- **ACTIVITY**: Below is a block of entries, which should be copied verbatim apart from the pictures.

(Items from a data source)
>>>>>

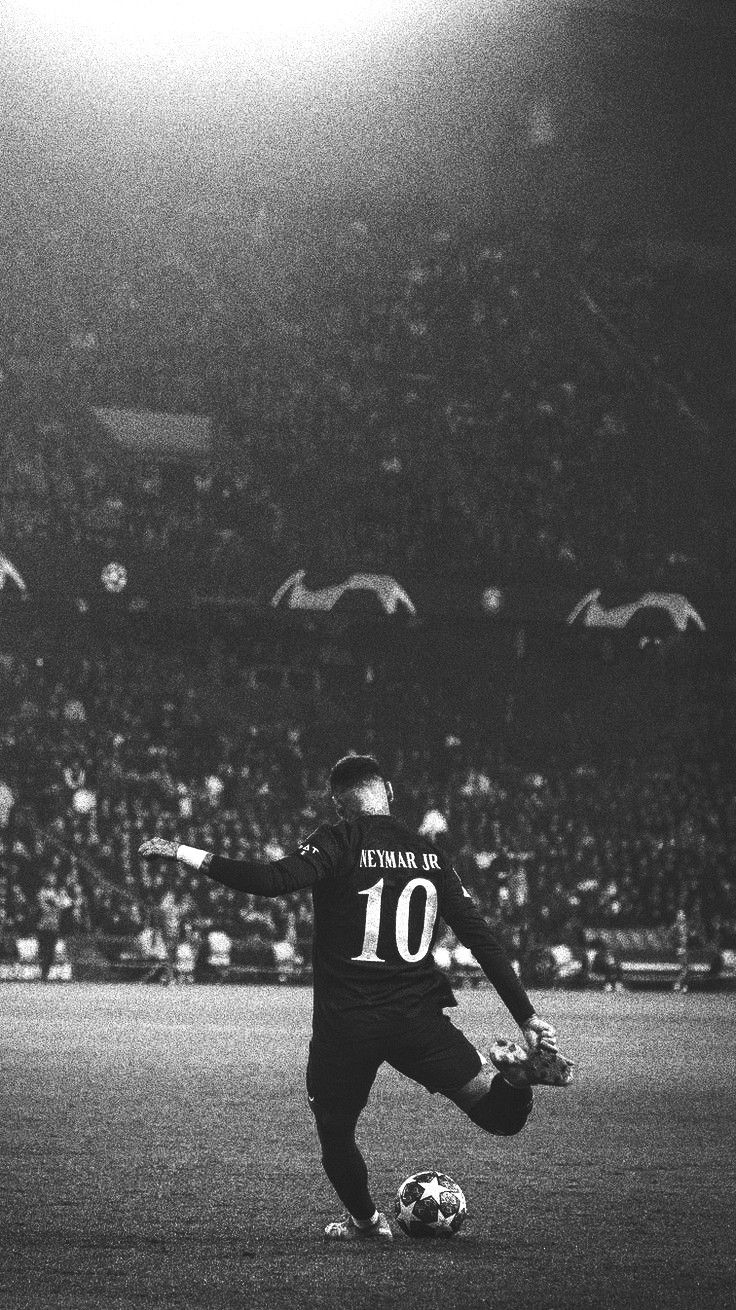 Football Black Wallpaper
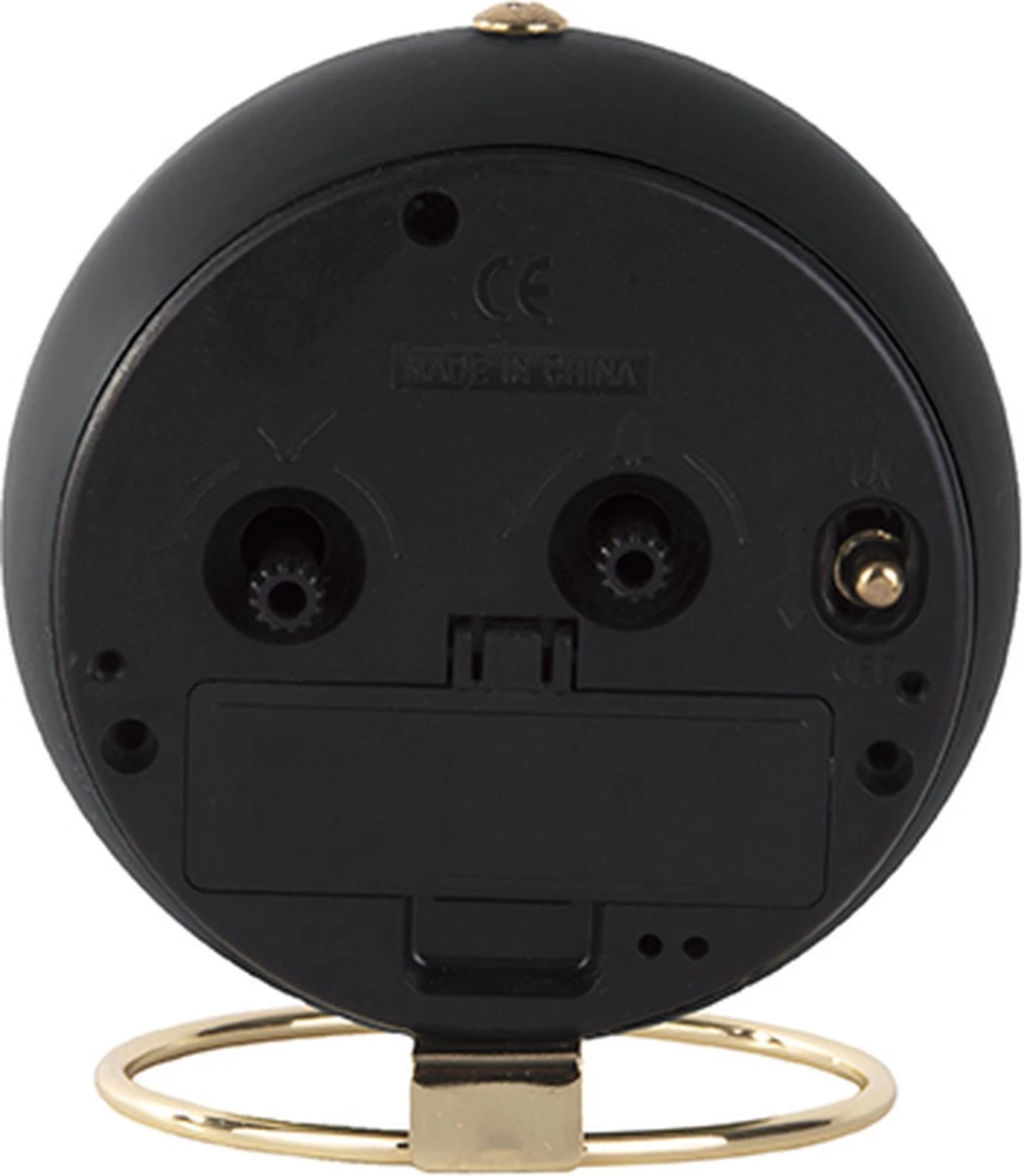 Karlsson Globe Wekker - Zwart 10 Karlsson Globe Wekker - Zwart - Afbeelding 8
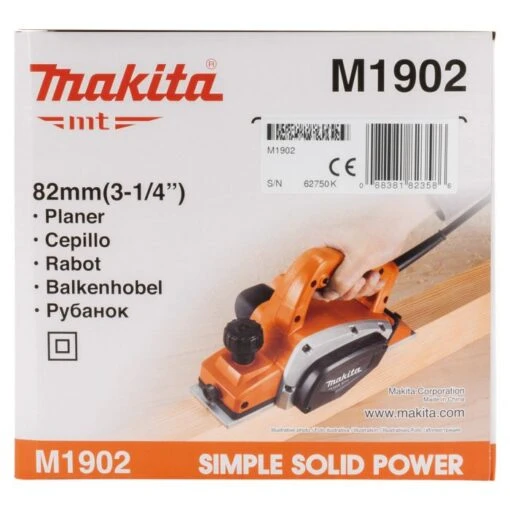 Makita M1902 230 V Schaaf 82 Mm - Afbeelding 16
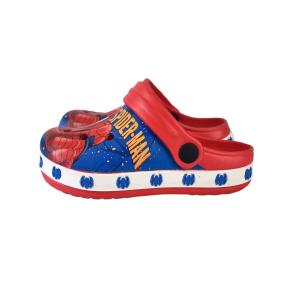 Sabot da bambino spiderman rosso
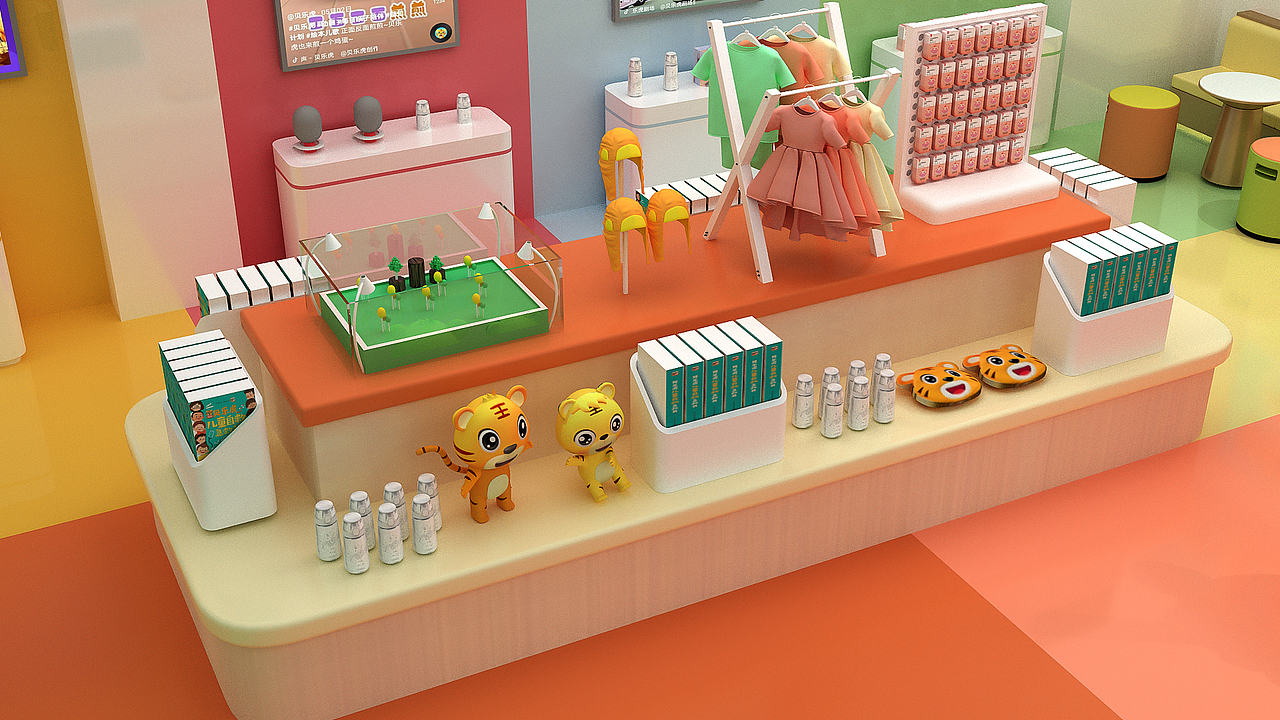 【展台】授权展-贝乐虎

<<<<<

- **RESPONSE TO THIS EXERCISE**:
 Football Black Wallpaper
 Karlsson Globe Wekker - Zwart 10 Karlsson Globe Wekker - Zwart - Afbeelding 8
 Makita M1902 230 V Schaaf 82 Mm - Afbeelding 16
 Sabot da bambino spiderman rosso
 【展台】授权展-贝乐虎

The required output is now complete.